TASK INSTRUCTIONS:
Because the pictures are not wanted, reproduce the rest of the records below exactly as they stand.

(Short web captions)
######

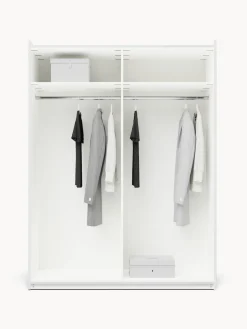 Armario modular Leon, 2 puertas correderas (150 cm), diferentes variantes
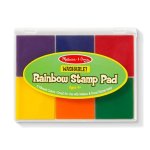 Melissa Rainbow Stamp Pad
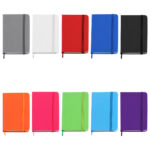 LIBRETA DE BOLSILLO LUPUS NEGRO LB-031N ( LB-031 - LB031 -  ) - Imagen 3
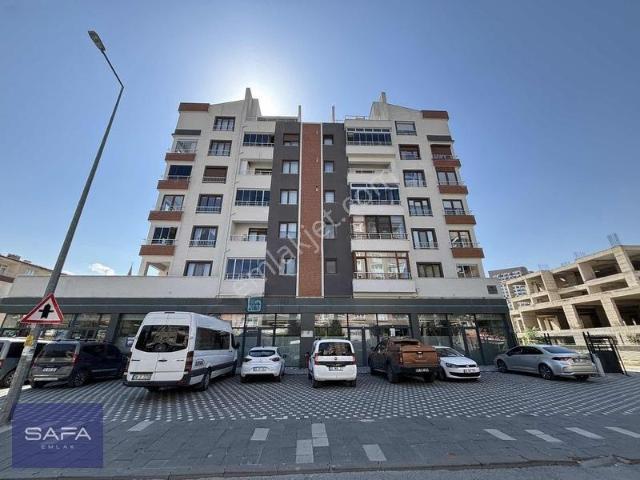 Sahabiye Mah. Satılık 2.5+1 Kapalı Otoparklı Kombili Daire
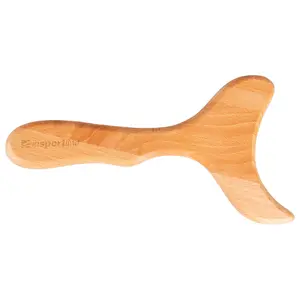 Spatula Μασάζ Αντι-Κυτταρίτιδας Insportline Baqshee 100 image-0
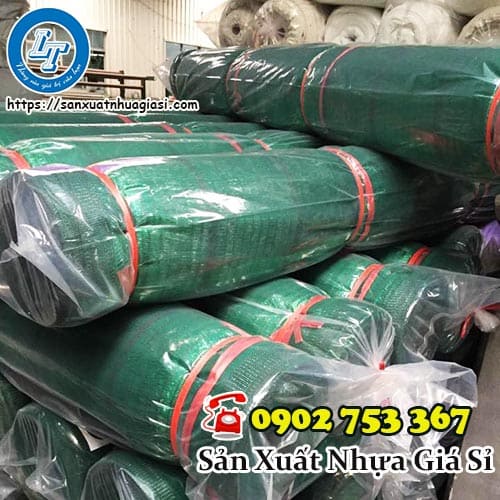 Lưới che nắng cho lan phi điệp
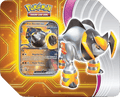 Pokémon Paradox Destinies (Iron Boulder Ex) Tin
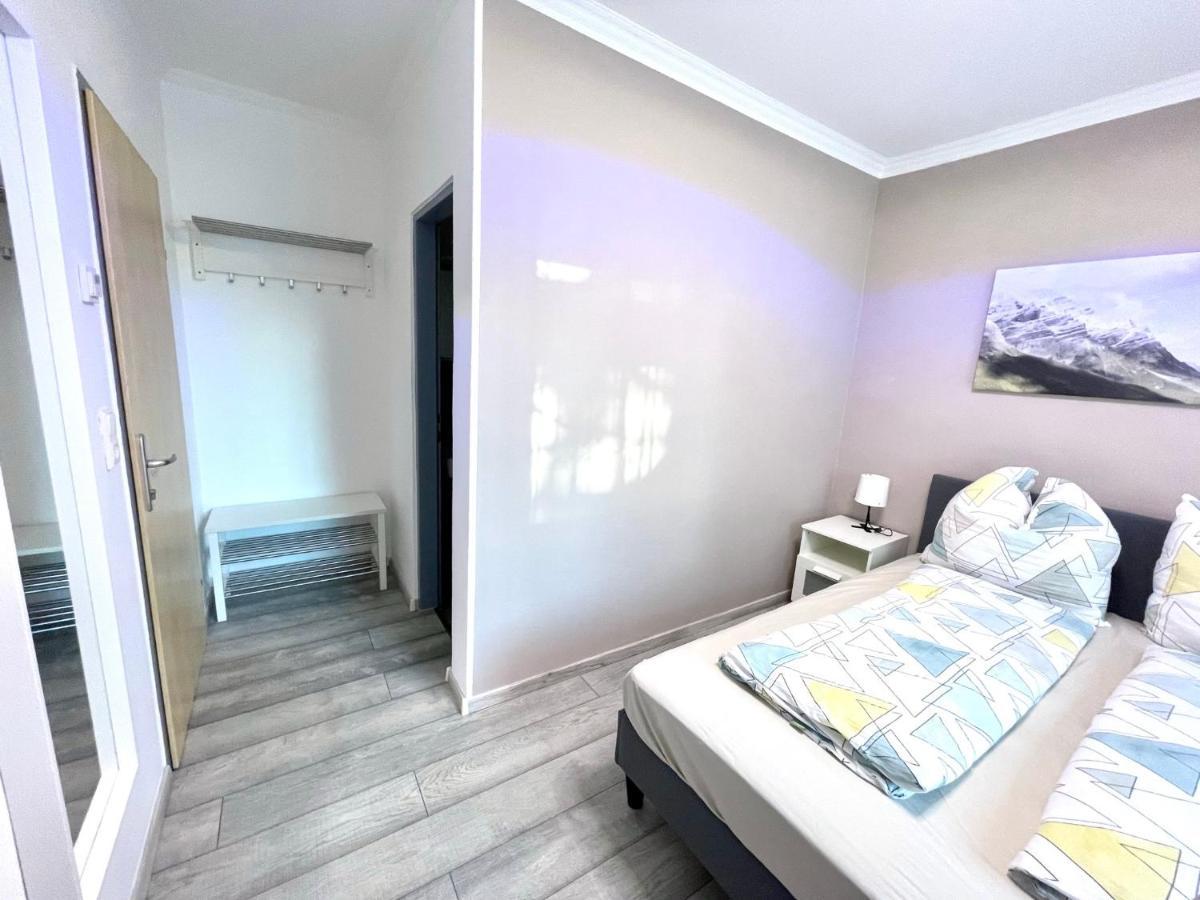 Pension Maier Филлах Экстерьер фото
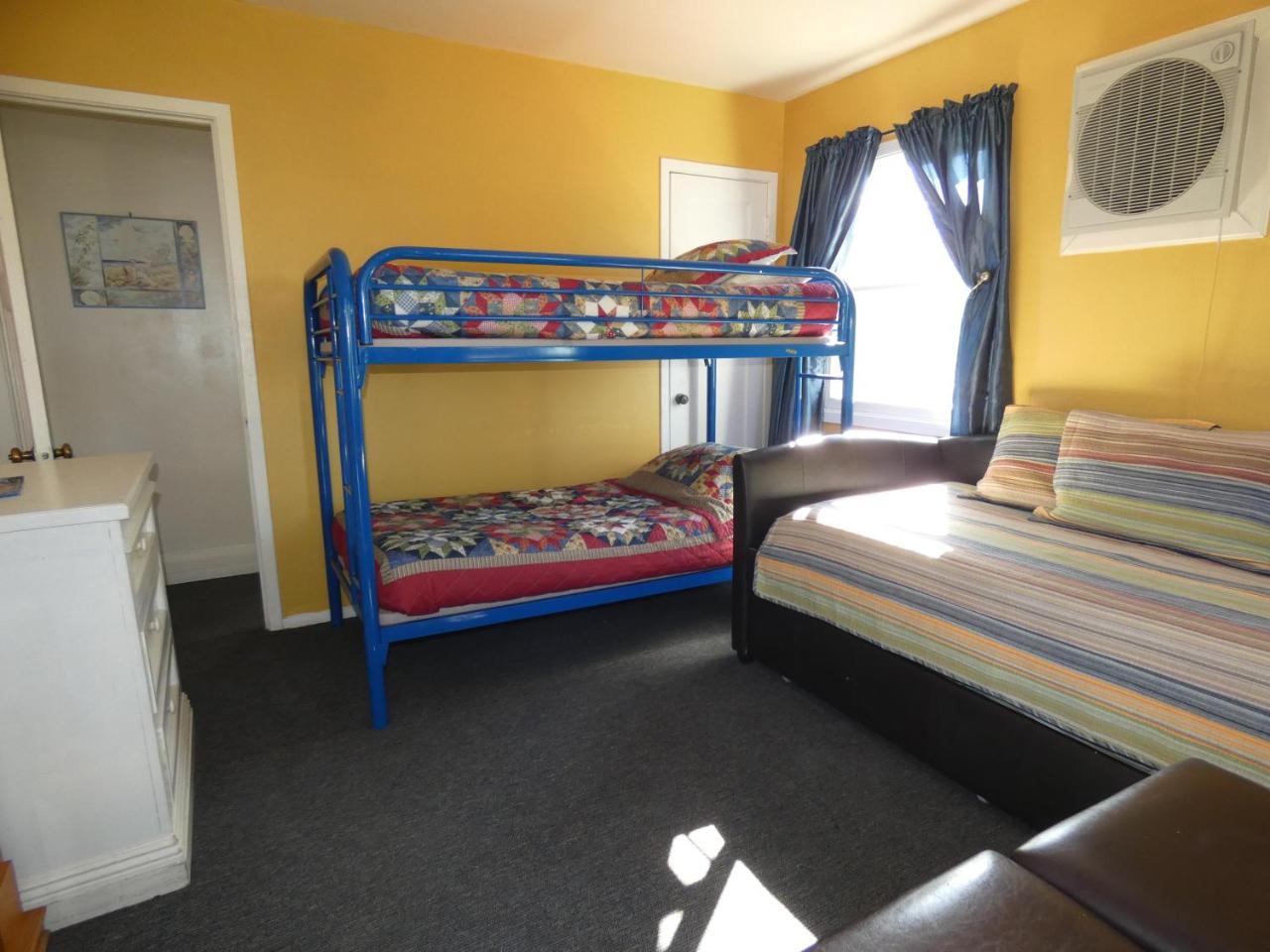 Blue Fish Cove Resort Clearlake Oaks Luaran gambar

######

WRITTEN RESPONSE:
 Armario modular Leon, 2 puertas correderas (150 cm), diferentes variantes
 Melissa Rainbow Stamp Pad
 LIBRETA DE BOLSILLO LUPUS NEGRO LB-031N ( LB-031 - LB031 -  ) - Imagen 3
 Sahabiye Mah. Satılık 2.5+1 Kapalı Otoparklı Kombili Daire
 Spatula Μασάζ Αντι-Κυτταρίτιδας Insportline Baqshee 100 image-0
 Lưới che nắng cho lan phi điệp
 Pokémon Paradox Destinies (Iron Boulder Ex) Tin
 Pension Maier Филлах Экстерьер фото
 Blue Fish Cove Resort Clearlake Oaks Luaran gambar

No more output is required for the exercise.